DATA below:
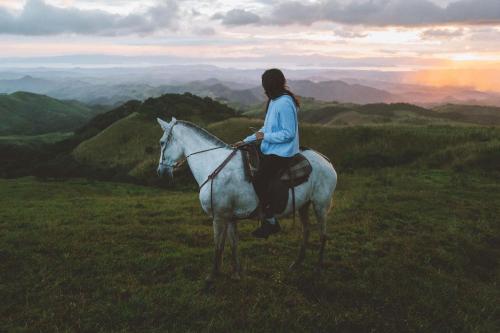 a woman riding a white horse on top of a hill at Senda Monteverde Hotel Member of the Cayuga Collection in Monteverde Costa Rica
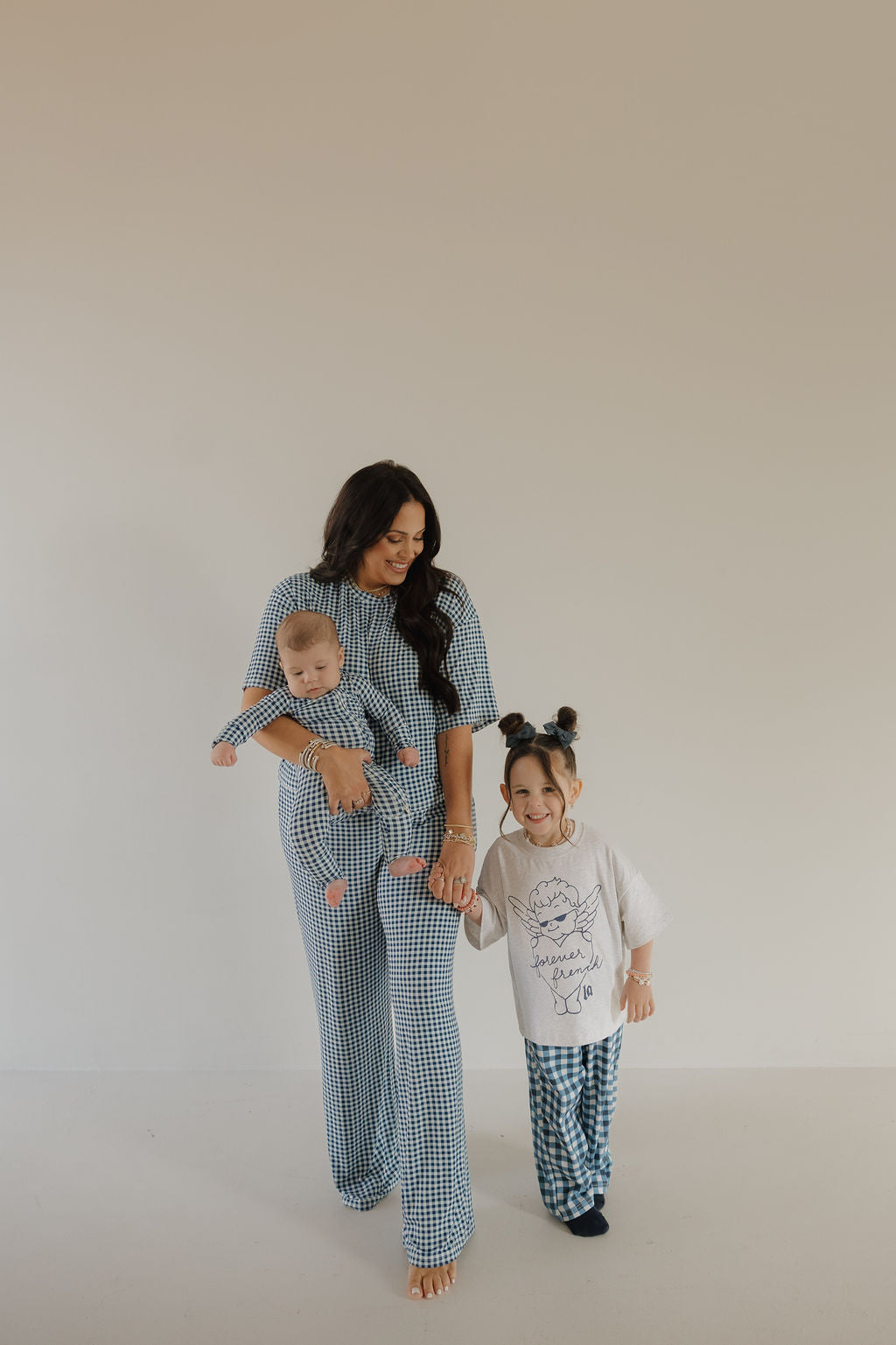 A barefoot woman holds a baby in forever french baby Bamboo Zip Pajamas | Blue Gingham and clasps hands with a smiling young girl, both in matching checkered pajamas against a plain beige background.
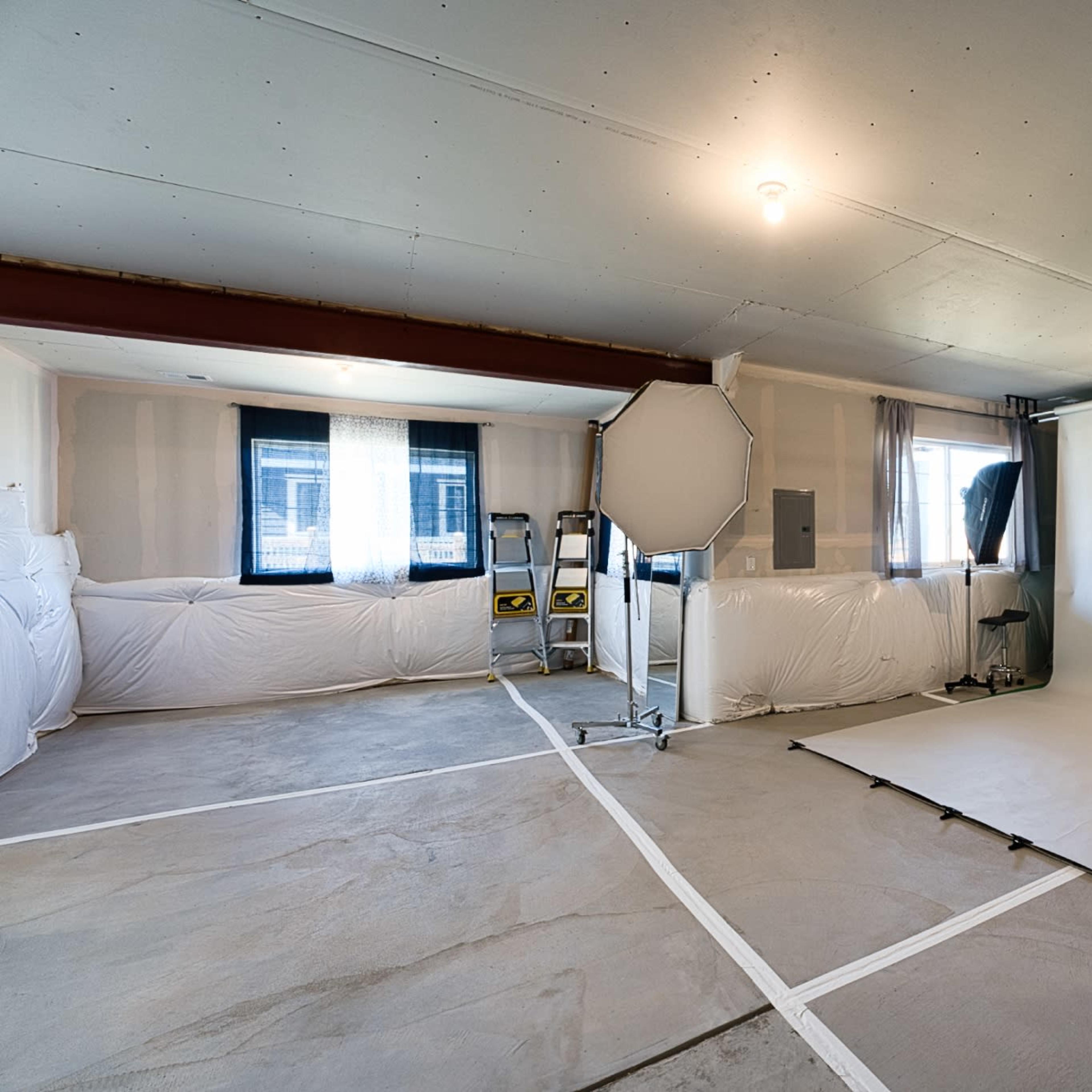 A photography studio with a spacious setup featuring a white backdrop, softbox lighting, and a ladder against the wall.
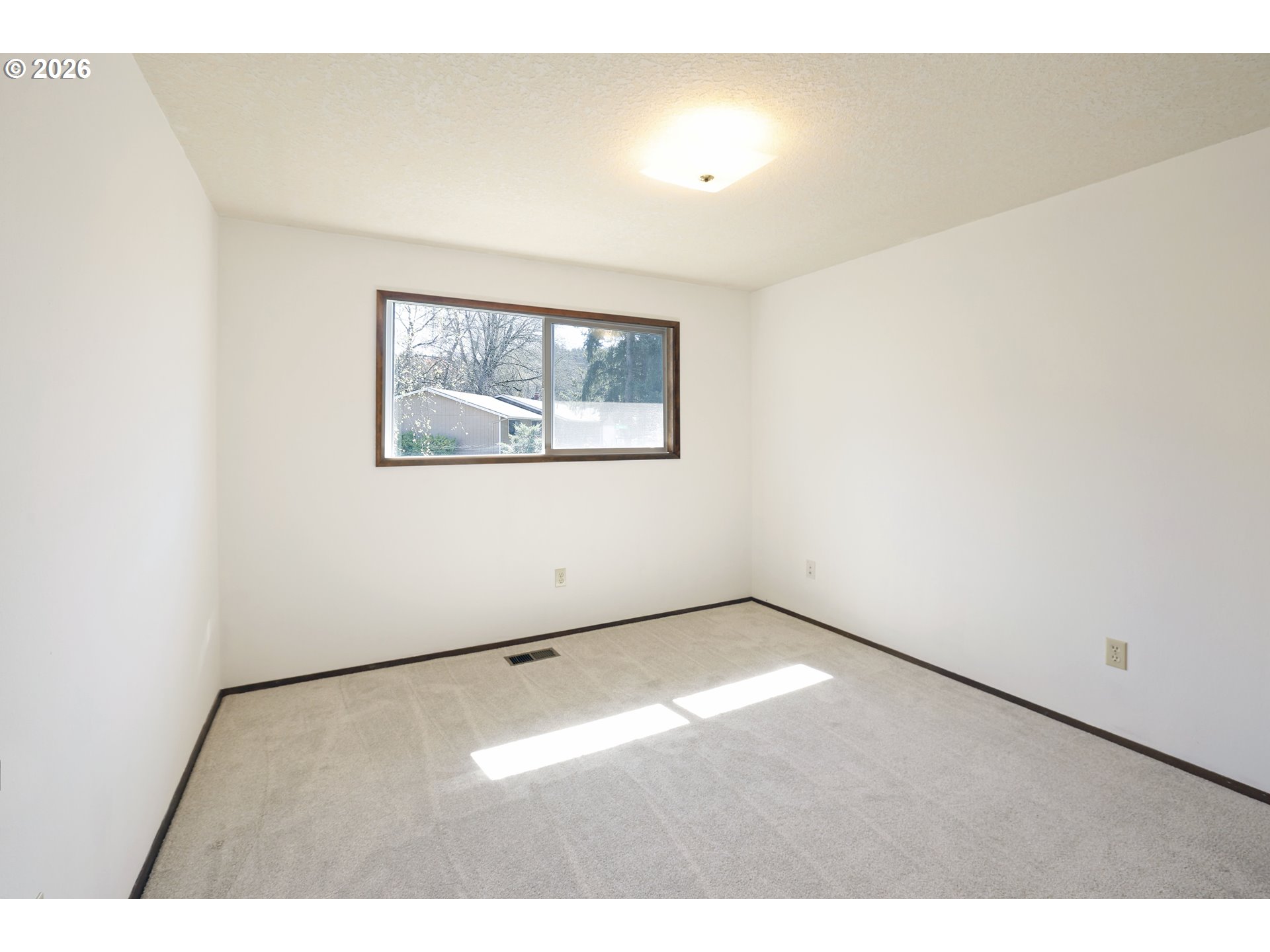 16285 Southwest Rosa Road Beaverton, OR 97007 - Photo 12 of 20 a view of an empty room with a window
End of DATA.
[YOUR ASSIGNMENT]: No pictures, please. Output the listing above exactly as it stands.

[RESPONSE TO THIS TASK]:
 a woman riding a white horse on top of a hill at Senda Monteverde Hotel Member of the Cayuga Collection in Monteverde Costa Rica
 A barefoot woman holds a baby in forever french baby Bamboo Zip Pajamas | Blue Gingham and clasps hands with a smiling young girl, both in matching checkered pajamas against a plain beige background.
 A photography studio with a spacious setup featuring a white backdrop, softbox lighting, and a ladder against the wall.
 16285 Southwest Rosa Road Beaverton, OR 97007 - Photo 12 of 20 a view of an empty room with a window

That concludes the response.